2. Ils ont ensuite interjeté appel du jugement ayant statué sur leur recours.

3. Une cour d'appel a confirmé le jugement entrepris sauf en qu'il avait retenu la mauvaise foi de M. [X], a constaté la bonne foi de ce dernier et a confirmé que M. et Mme [X] étaient inéligibles à la procédure de surendettement des particuliers.

Examen du moyen

Sur le moyen, pris en sa première branche

Enoncé du moyen

4. M. et Mme [X] font grief à l'arrêt de dire qu'ils sont inéligibles à la procédure de surendettement des particuliers, alors « que la situation de surendettement est caractérisée par l'impossibilité manifeste de faire face à l'ensemble de ses dettes non professionnelles exigibles et à échoir ; que les dettes professionnelles sont celles qui sont nées pour les besoins ou au titre d'une activité professionnelle ; que l'impôt sur le revenu des personnes physiques, qui frappe le revenu net global d'un foyer fiscal, quelle que soit l'origine, professionnelle ou pas, des sommes qui le composent, selon un barème et des règles qui prennent en considération la situation personnelle du contribuable, n'est pas né pour les besoins et au titre de l'activité professionnelle ; qu'en jugeant le contraire, la cour d'appel a violé l'article L. 711-1 du code de la consommation et 1 A du code général des impôts. »

Réponse de la Cour

Vu les articles L. 711-1 du code de la consommation et 1 A, 6 et 156 du code général des impôts :

5. Selon le premier de ces textes, le bénéfice des mesures de traitement des situations de surendettement est ouvert aux personnes physiques de bonne foi et la situation de surendettement est caractérisée par l'impossibilité manifeste de faire face à l'ensemble de ses dettes non professionnelles exigibles et à échoir.

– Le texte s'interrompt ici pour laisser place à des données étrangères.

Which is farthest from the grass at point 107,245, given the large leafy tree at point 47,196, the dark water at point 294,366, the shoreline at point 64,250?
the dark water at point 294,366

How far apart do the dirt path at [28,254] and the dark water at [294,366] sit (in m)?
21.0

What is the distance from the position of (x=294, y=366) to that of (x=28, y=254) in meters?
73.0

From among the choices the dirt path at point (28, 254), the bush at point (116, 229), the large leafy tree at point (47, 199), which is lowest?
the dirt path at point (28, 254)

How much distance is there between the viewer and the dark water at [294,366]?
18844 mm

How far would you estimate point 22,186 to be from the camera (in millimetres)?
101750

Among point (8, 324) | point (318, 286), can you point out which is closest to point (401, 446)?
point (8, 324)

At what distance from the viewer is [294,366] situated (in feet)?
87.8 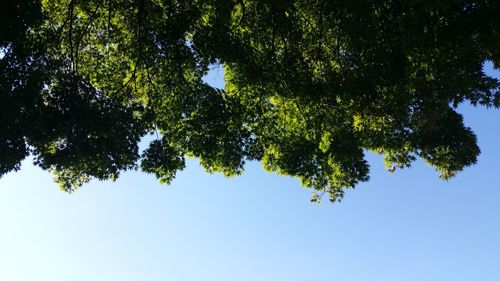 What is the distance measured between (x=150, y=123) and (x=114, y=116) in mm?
1829

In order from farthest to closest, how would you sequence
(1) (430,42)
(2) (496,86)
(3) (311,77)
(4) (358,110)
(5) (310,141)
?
(5) (310,141) → (3) (311,77) → (4) (358,110) → (2) (496,86) → (1) (430,42)

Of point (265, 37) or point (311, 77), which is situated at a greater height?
point (265, 37)

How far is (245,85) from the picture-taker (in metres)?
18.2

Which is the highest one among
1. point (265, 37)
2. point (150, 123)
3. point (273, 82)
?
point (265, 37)

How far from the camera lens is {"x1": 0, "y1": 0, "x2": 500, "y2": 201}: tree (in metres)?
13.7

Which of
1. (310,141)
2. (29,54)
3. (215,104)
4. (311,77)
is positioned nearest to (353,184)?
(310,141)

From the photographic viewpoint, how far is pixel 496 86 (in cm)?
1382

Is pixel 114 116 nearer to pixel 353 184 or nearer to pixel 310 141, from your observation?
pixel 310 141

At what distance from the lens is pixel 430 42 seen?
1246 cm

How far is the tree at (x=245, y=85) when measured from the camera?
45.0 feet

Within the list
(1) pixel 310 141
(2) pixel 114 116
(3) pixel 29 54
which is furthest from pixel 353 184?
(3) pixel 29 54

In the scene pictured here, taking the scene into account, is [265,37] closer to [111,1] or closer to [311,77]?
[311,77]

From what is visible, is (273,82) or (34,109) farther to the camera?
(273,82)

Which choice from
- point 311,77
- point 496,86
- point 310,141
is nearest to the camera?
→ point 496,86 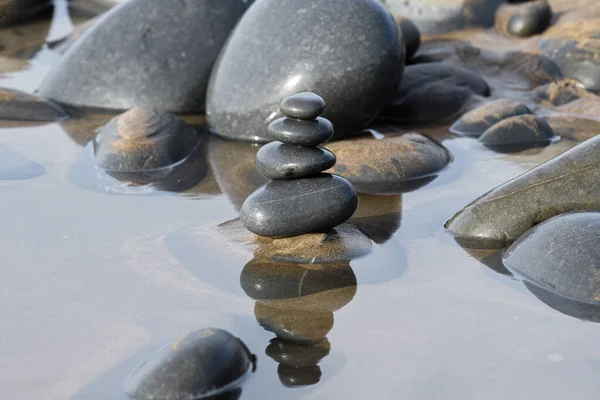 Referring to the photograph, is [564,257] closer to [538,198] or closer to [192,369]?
[538,198]

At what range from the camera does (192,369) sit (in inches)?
122

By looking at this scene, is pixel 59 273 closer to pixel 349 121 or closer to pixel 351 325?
pixel 351 325

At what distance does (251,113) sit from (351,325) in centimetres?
308

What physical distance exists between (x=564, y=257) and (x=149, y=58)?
4397mm

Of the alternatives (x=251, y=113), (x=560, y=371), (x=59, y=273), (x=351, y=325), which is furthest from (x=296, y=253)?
(x=251, y=113)

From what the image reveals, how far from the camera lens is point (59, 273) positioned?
4.16 m

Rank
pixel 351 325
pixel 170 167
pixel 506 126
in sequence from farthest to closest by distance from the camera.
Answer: pixel 506 126 < pixel 170 167 < pixel 351 325

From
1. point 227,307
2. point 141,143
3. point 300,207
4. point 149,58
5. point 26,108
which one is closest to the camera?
point 227,307

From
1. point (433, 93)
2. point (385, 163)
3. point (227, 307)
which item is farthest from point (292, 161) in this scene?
point (433, 93)

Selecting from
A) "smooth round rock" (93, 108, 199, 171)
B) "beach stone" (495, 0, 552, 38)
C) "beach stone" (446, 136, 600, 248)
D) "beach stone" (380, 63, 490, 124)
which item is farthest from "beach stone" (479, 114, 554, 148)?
"beach stone" (495, 0, 552, 38)

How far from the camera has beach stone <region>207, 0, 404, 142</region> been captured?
628 centimetres

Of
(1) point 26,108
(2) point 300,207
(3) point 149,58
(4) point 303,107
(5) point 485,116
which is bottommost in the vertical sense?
(1) point 26,108

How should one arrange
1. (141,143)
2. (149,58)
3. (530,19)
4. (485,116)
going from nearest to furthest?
(141,143), (485,116), (149,58), (530,19)

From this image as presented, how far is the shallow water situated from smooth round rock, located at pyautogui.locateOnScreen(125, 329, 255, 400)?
0.08 metres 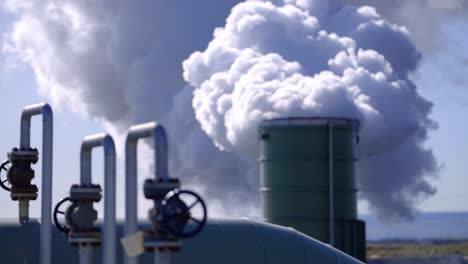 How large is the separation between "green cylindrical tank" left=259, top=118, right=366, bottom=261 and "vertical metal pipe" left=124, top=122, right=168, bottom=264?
1212 inches

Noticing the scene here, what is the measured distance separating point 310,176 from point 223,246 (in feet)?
68.8

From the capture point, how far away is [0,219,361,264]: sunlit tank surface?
25.8 metres

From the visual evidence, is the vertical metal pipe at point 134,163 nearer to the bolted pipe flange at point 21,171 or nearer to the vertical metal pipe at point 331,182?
the bolted pipe flange at point 21,171

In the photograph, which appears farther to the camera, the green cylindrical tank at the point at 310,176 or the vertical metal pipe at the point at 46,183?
the green cylindrical tank at the point at 310,176

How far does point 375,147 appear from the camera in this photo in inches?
2143

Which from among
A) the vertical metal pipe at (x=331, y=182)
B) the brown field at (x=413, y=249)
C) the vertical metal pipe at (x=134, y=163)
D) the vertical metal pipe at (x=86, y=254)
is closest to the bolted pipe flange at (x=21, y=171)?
the vertical metal pipe at (x=86, y=254)

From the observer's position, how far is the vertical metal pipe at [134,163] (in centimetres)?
1592

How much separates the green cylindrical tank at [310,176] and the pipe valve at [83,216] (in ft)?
94.9

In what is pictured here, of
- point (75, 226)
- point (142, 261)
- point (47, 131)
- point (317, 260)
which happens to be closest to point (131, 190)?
point (75, 226)

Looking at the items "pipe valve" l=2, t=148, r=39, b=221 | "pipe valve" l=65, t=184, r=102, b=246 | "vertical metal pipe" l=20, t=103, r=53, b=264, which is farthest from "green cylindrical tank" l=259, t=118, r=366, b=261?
"pipe valve" l=65, t=184, r=102, b=246

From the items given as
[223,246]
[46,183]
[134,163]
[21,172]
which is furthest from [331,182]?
[134,163]

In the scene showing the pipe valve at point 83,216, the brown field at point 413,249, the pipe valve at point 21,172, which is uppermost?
the brown field at point 413,249

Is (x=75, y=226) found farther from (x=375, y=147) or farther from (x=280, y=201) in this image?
(x=375, y=147)

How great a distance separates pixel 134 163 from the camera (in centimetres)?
1680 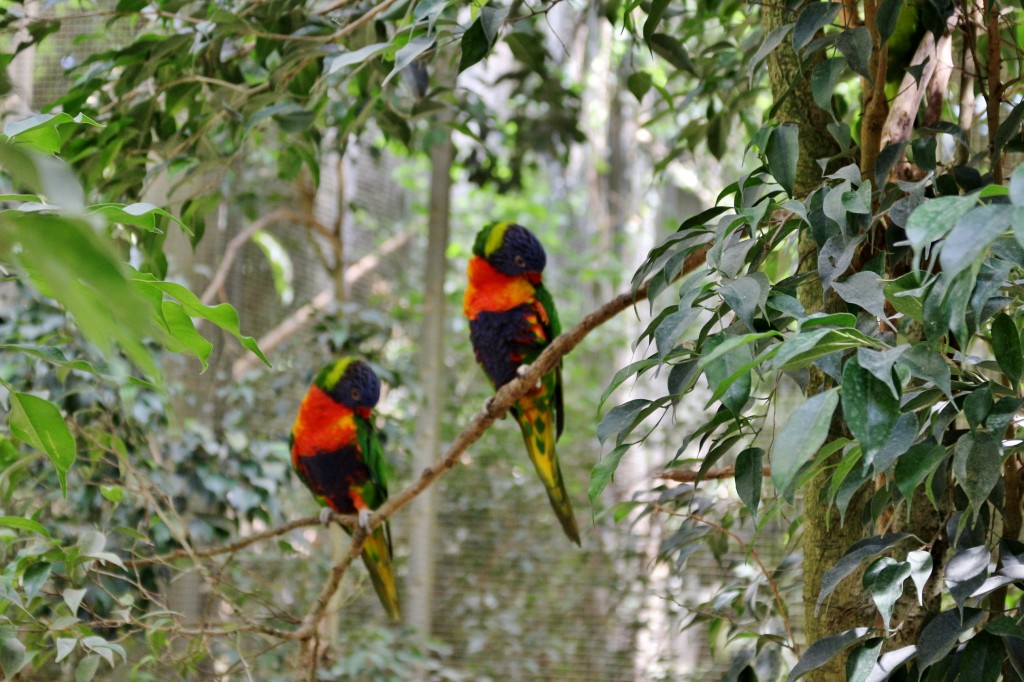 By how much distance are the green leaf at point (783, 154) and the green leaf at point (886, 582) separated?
28 cm

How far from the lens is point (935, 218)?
17.0 inches

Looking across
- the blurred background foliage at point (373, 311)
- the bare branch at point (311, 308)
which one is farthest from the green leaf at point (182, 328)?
the bare branch at point (311, 308)

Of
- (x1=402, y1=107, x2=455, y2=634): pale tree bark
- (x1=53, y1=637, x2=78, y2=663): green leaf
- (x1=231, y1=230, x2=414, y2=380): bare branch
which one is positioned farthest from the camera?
(x1=231, y1=230, x2=414, y2=380): bare branch

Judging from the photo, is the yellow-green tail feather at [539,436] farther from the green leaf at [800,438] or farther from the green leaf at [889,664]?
the green leaf at [800,438]

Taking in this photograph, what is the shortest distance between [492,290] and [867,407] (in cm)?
137

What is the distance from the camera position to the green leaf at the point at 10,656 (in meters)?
0.85

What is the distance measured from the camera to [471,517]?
9.30ft

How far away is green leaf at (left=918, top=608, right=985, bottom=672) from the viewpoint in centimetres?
60

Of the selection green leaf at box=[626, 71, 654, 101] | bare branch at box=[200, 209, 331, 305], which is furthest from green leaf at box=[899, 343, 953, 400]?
bare branch at box=[200, 209, 331, 305]

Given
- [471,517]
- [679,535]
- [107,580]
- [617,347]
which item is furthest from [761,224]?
[617,347]

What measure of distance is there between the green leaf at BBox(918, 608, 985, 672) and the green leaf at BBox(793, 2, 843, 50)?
1.41 ft

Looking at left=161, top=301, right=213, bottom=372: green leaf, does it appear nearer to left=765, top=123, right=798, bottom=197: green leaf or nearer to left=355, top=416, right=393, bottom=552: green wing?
left=765, top=123, right=798, bottom=197: green leaf

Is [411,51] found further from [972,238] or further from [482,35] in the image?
[972,238]

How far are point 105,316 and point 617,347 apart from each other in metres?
3.05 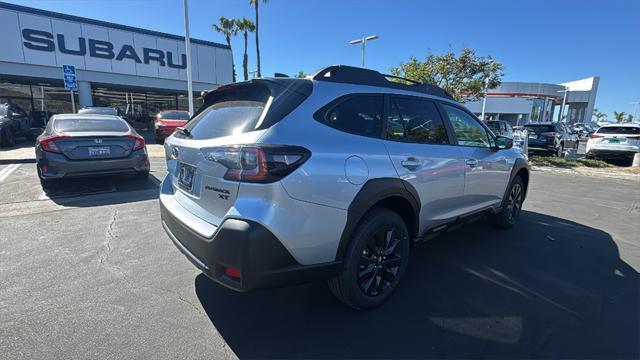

Selon le deuxième, l'impôt sur le revenu frappe le revenu net global du contribuable constitué par le total des revenus nets des différentes catégories légales, au nombre desquelles figurent les bénéfices industriels et commerciaux (BIC).

Selon le troisième, chaque contribuable est imposable à l'impôt sur le revenu, tant en raison de ses bénéfices et revenus personnels que de ceux de ses enfants et des personnes considérés comme étant à sa charge au sens des articles 196 et 196 A bis, et les personnes mariées ou pacsées sont soumises à une imposition commune pour les revenus perçus par chacune d'elles et ceux de leurs enfants et des personnes à charge.

Selon le quatrième, l'impôt sur le revenu est établi d'après le montant du revenu net annuel dont dispose chaque foyer fiscal, déterminé eu égard aux propriétés et aux capitaux que possèdent les membres du foyer fiscal, aux professions qu'ils exercent, aux traitements, salaires, pensions et rentes viagères dont ils jouissent ainsi qu'aux bénéfices de toutes opérations lucratives auxquelles ils se livrent.

6. Pour dire que M. et Mme [X] sont inéligibles à la procédure de surendettement des particuliers, l'arrêt retient que M. [X] est redevable auprès de l'administration fiscale de sommes au titre de la taxe sur la valeur ajoutée (TVA) et de rehaussement de BIC et que ces deux créances fiscales ayant pris naissance dans l'activité professionnelle occulte de commerce de véhicules exercée par M. [X], elles revêtent un caractère professionnel, justifiant qu'elles soient écartées pour étudier la situation de surendettement des débiteurs.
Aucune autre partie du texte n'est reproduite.